Les spéculateurs, qui avaient déjà superbement géré la panique boursière de 1929 (je n’ai pas entendu dire que les Rothschild et Rockefeller s’étaient ruinés !), s’en donnent désormais à cœur joie. Plus rien ne les retient. Et quand un état devient spéculateur, comme les USA, qui font financer par l’étranger leur commerce, leur déficit budgétaire et les guerres qu’ils mènent un peu partout dans le monde pour asseoir leur domination définitive, plus rien ne s’oppose aux crises financières qui en fin de compte les arrangent. Et ces crises touchent qui ? Les petits, les obscurs, les sans-grade (merci Edmond Rostand), bien entendu ! C’est-à-dire ceux qui ont tout simplement oublié que le capitalisme tue, assassine à grande échelle : voir les deux guerres mondiales et les nombreux conflits actuels. Capitalisme : c’est d’ailleurs devenu un gros mot, que plus personne n’utilise. On ne le connaît plus désormais que sous les vocables si bénins de libéralisme, globalisation, mondialisation… Ce qui avait déjà été bien perçu dès les années 60 par de Gaulle, inquiet du degré de vassalisation imposé par les nouveaux seigneurs américains au travers de l’OTAN, par exemple, et qui avait pressenti la main mise économique de l’Empire américain et le risque d’écrasement des fondations sociales et démocratiques des nations européennes.

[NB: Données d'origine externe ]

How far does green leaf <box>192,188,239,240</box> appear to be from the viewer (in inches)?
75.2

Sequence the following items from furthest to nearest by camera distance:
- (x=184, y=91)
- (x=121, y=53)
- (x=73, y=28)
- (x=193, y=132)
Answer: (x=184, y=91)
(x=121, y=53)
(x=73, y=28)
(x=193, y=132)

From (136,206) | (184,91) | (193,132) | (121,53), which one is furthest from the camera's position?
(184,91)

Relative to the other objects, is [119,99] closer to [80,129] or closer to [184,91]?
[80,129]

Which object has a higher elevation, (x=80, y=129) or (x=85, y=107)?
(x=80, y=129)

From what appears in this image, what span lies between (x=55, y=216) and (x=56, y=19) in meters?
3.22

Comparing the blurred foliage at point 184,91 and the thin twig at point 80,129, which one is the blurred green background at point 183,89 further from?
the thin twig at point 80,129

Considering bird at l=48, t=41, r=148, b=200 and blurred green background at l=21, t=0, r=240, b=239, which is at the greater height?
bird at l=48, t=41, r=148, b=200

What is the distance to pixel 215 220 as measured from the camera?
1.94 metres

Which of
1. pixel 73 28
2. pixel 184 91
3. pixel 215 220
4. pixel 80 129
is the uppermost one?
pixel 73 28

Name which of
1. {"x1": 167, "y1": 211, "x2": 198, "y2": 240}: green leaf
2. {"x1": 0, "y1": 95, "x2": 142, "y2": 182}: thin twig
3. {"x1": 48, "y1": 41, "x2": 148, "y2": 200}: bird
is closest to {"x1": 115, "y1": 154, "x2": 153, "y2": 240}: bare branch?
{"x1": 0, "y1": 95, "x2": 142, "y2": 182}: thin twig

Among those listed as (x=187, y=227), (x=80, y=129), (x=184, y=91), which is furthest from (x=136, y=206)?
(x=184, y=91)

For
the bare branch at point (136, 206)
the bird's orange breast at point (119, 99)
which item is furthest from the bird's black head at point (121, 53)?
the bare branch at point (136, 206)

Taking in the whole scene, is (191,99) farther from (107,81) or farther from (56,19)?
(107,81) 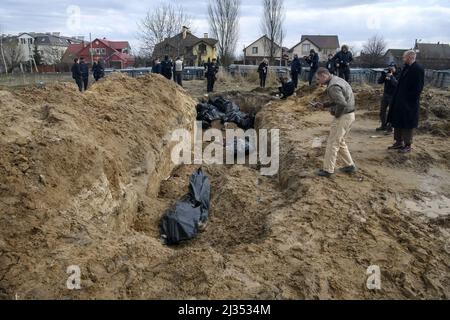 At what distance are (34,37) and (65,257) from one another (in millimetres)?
76732

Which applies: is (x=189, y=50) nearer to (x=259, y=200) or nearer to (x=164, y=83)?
(x=164, y=83)

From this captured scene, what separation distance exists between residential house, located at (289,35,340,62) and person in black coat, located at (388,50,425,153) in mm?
55782

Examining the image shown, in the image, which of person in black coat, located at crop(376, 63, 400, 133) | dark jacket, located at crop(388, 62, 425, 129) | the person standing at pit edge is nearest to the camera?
dark jacket, located at crop(388, 62, 425, 129)

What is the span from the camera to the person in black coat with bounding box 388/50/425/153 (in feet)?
22.3

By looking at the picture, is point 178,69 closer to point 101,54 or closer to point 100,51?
point 101,54

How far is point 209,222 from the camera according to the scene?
19.2ft

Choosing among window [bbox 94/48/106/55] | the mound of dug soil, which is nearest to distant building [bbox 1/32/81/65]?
window [bbox 94/48/106/55]

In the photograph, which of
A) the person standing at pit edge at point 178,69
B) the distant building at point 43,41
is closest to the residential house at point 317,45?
the distant building at point 43,41

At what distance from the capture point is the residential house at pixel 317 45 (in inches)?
2432

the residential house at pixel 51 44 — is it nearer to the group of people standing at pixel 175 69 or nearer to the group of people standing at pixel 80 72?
the group of people standing at pixel 80 72

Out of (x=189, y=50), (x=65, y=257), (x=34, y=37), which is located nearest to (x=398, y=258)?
(x=65, y=257)

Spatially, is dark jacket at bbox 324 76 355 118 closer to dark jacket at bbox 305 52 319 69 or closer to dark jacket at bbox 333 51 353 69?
dark jacket at bbox 333 51 353 69

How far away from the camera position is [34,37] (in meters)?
69.2

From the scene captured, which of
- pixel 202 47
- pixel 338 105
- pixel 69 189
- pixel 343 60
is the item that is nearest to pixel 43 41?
pixel 202 47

Les nouveaux dévots du Veau d’or ont beau être appelés des consommateurs, ils ne sont rien d’autre que des exploités. Ils n’ont que leur maigre force de travail à opposer à l’ogre détenteur des moyens financiers et des moyens de production, et leurs mains nues à opposer aux milices et armées au service de l’ogre.
Et pourtant, à quoi bon amasser de l’argent ? Pour avoir quoi ? Plus de pouvoir ? Plus de bijoux, plus de beaux vêtements, des maisons plus spacieuses, davantage de femmes (ou d’hommes), plus d’espérance de vie ? L’appât du gain rend-il plus heureux ? Améliore-t-il la vie intérieure, la sensibilité, la culture, l’éducation ? "C’est vrai, dit le gros négociant, je ne pense pas à éduquer les masses, à élever le niveau de leur sensibilité esthétique", écrivait déjà Virginia Woolf, dans La scène londonienne, en 1932.
Et c’est au nom de ces sacro-saintes valeurs que l’on mène ce qu’il faut bien appeler des croisades contre les peuples. Et pas seulement contre le fameux Axe du Mal (le Veau d’or serait donc le Dieu de l’Axe du Bien !), mais aussi contre tous les individus qui ont cru aux vertus de la démocratie, à la lutte contre les inégalités, et qui se trouvent désormais pieds et poings liés par les tenants du libéralisme, qui les mettent au chômage, qui délocalisent, qui organisent la nouvelle misère. Car il n’y a pas de secret : pour qu’il y ait quelques riches, il faut beaucoup de pauvres.
Allons, l’exploitation de l’homme par l’homme a encore de beaux jours devant elle, surtout quand l’humanité toute entière se met à genoux (presque toute entière, car moi vivant, il y en aura au moins un qui refuse cette imposture, et j’espère ne pas être tout seul), les yeux baissés, en adoration devant l’éternel Veau d’or.